A hidden Italian treasure in the heart of Lima

December 14, 2010

My 13th day in Lima and after a wonderful first week of eating great and  drinking better (wine) I fell to the dreaded sickness that afflicts visitors: stomach infection from drinking tap water. Actually, didnt drink it but used tap water ice cubes to make a ceviche, which comes to be the same. Or perhaps worse.

I will leave those laments aside for now and as I recover for my next round of culinary and wine adventures let me tell you about this little place, a bakery-restaurant called Levaggi, which has been around for decades. It sits on a corner of downtown Petit-Thouars avenue, the cross street is Manuel Segura* in the traditional Lince district, a lower middle class neighborhood which has become a must see because of its market and surrounding area packed with affordable, good-quality eateries. Chifas (chinese food restaurants) and ceviche places are everywhere, as well as criolla (peruvian) food and anticucho (spicy meat brochettes) street vendors.

Levaggi started as a bakery only, like many other Italian run bakeries in old Lima. Later they added the restaurant section, which proved to be a great idea. The restaurant is unpretentious in its decoration and retains an air of old times, with its counters and food exhibitors packed with pastries, breads, hams, sausages, home made pasta and bottles of wine. Servings are massive and fairly inexpensive. Although the menu is mostly peruvian, there is a section dedicated solely to Italian dishes. Their basic menu pasta is homemade fettuccini, which you can have with tomato sauce only for 8 soles (approx. 2.50 dollars), accompanied with a basket of bread and butter, dessert and a hot drink. Or you can switch to marinara or pesto sauce for the same price. You can have meat or mushrooms on your sauce or go for ravioli (I recommend the vegetable version, yummy) or other Italian pastas.

Prices for set menus can go up to 25 soles (9 dollars) for fancy dishes or for large servings or generous servings of meat. Worth trying their ossobuco, lomo saltado (peruvian stir fry version) and their butifarras, sandwiches made with house cooked ham.

Wine is a must in an Italian restaurant and they have a modest but competent selection. Nothing outstanding but good enough for this kind of meal. The house wine is an italian Rosso but you can have Chilean Clos de Pirque out of a box. This latter one is pretty good value. Then they have Farnese‘s Merlot, Sangiovese and Montepulciano. They even have a special with two glasses of wine and a set menu for 14 soles. Pretty reasonable, although if you are likely to want more (wine) it is better to go for the half liter caraffe for 15 soles.

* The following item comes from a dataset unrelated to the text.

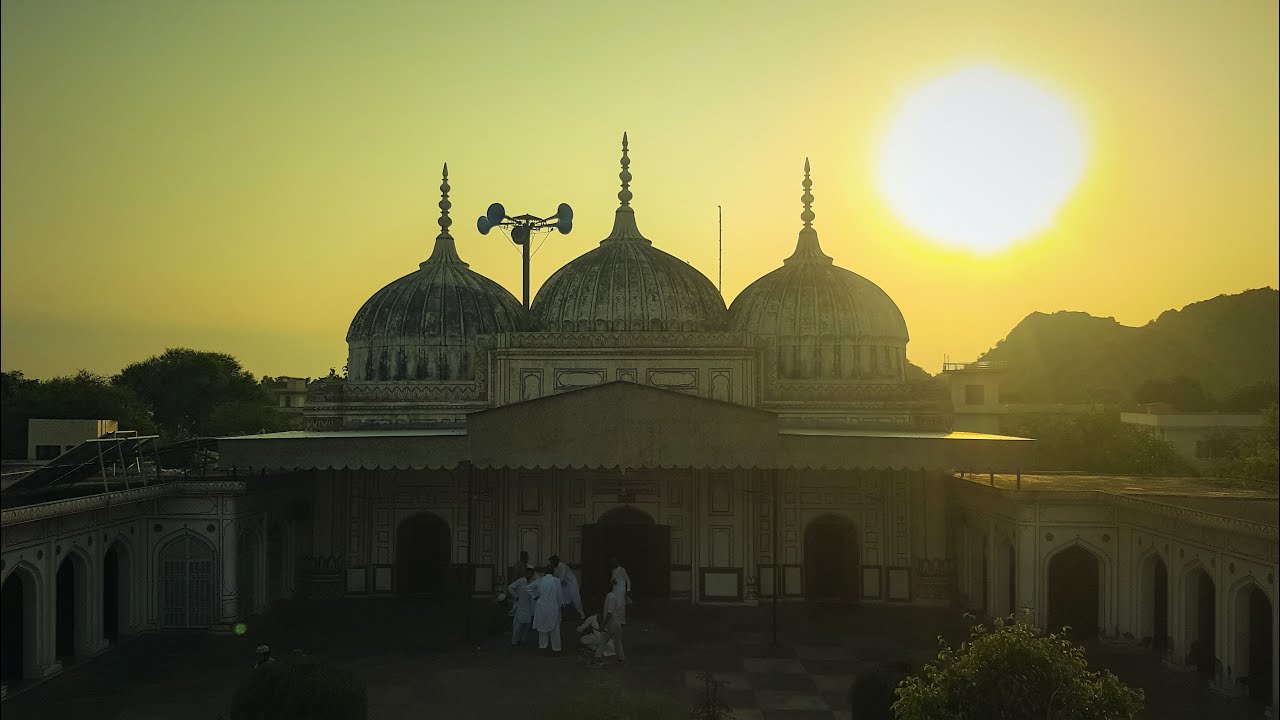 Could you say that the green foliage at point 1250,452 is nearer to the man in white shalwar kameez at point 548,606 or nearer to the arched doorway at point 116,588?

There are a few Italian bakery restaurants like this in Lima, all of them worth checking out not only for the food but  also for the experience, to feel that air of the past trapped behind their swing doors, whirling through hanging hams and freshly baked loaves of bread. Look for Cordano, near the main square, Queirolo both their downtown and Pueblo Libre locales or the old Carbone sandwich house, again in old downtown.

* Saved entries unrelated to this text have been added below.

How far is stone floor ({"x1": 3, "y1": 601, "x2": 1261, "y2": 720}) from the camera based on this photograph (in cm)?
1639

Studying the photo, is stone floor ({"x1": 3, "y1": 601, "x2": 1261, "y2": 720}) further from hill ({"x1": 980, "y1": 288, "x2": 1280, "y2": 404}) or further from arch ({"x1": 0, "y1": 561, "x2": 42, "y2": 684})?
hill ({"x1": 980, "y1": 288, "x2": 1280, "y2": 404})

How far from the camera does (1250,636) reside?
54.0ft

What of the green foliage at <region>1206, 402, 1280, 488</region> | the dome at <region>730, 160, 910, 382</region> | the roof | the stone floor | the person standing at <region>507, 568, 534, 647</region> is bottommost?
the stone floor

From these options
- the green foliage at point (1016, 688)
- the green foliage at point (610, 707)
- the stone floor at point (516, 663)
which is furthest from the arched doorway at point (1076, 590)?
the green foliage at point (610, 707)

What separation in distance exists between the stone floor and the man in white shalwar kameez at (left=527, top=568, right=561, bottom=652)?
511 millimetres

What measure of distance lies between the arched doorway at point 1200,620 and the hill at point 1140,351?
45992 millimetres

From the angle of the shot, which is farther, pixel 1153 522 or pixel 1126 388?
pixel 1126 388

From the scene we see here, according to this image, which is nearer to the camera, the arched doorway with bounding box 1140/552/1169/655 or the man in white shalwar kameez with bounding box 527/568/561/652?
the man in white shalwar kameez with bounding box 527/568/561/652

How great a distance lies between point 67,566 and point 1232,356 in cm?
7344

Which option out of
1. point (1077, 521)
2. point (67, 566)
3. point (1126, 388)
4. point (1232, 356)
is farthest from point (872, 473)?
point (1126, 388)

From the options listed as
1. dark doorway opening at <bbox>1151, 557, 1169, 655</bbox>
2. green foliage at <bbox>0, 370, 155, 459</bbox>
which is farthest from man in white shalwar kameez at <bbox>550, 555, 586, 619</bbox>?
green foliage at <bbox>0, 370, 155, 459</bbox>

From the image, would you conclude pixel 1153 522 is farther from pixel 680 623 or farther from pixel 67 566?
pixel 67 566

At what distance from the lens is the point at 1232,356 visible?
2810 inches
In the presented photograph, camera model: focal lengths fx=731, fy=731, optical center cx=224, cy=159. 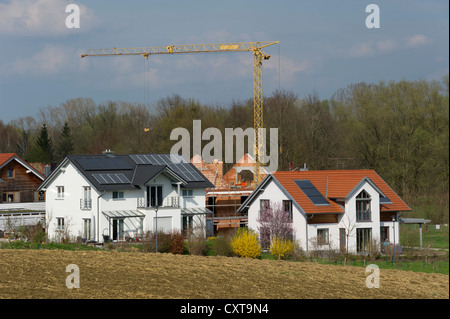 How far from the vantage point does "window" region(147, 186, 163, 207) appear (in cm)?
4788

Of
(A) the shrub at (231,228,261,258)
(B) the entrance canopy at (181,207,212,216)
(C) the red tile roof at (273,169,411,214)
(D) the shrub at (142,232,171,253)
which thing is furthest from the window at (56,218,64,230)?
(A) the shrub at (231,228,261,258)

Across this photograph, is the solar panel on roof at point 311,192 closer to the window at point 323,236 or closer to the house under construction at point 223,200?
the window at point 323,236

*this area is half way between Miraflores district and old Lima downtown

Di Majo Norante

September 18, 2010

What a great winery this is. Located in the Molise region of south central Italy (if you know Italian geography by its boot shape, Molise would be located on the lower part of the calf).  Wines have been made in the area since the times of the Romans. Which is not to say much in a country where wine is as much part of the national identity as Calcio (soccer), funny shaped pasta and bodacious, sultry divas like Gina Llollobrigida and Claudia Cardinale.

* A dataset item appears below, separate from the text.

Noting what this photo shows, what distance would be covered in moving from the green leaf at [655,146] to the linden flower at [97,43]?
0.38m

I don’t know about you, but I love a beautifully packaged product. I hate putting on my table wines with tacky labels. And if that is the wine I have, then it goes in a decanter. But with labels like the ones offered by Di Majo Norante, well,  I have them on my table and discuss and appreciate them with friends. Maybe they can try next a picture of Gina or Claudia on the label of a full bodied wine. Just kidding. But, no, seriously.

Di Majo Norante’s products in Vancouver are available both through LDB and private stores. With prices hovering over the 15-24 dollar range they offer excellent quality for the money. The Sangiovese Terre degli Osci IGT 2008 has merited a 90pt score by Antonio Galloni (www.erobertparker.com) no small achievement for a wine under 15 dollars. Great label, dry and mellow wine, with red fruit and a bit of leather.

Prugnolo is made of Montepulciano grapes. A great match to pasta dishes, meats or cheese. Taut, firm and structured with good balance between acidity and dark fruit. Which sounds like any other wine but trust me, you won’t be disappointed. Price?  22-25 dollars.

Ramitello is a blend of Sangiovese and Aglianico grapes. I think in a post waaay back I said Montepulciano and Aglianico. My mistake. This one has a fullish, mellow body made interesting by that ashey, raw mineral quality of the Aglianico variety.

A visit to the winery’s website www.dimajonorante.com shows that they make a number of other red wines and a selection of whites. Until recently the Contado Aglianico was available in Vancouver. Heard was quite good. I would like to try their renditions of Falanghina, Greco and Fiano. Particularly interesting to me is the Apianae, a sweet white made with Moscato grapes. Hopefully the importers, Stile Enterprises, will bring some of these products to our wine thirsty city.

 

Kicking your Chardonnay/Sauvignon Blanc Addiction: Italian Whites

April 21, 2010

Wine addiction? No worries, we all have been there. I hit rock bottom when for a while, I refused to drink anything but Kendall Jackson Chardonnay ($22.99) which is very good by the way, keeping its quality consistent through the years. When I thought I was on my way to rehabilitation wham! I stumbled upon Kiwi Sauvignon Blancs and the Jackson Estates “Stich” kept me semi-comatose for a while, with its charming fruit and exciting acidity.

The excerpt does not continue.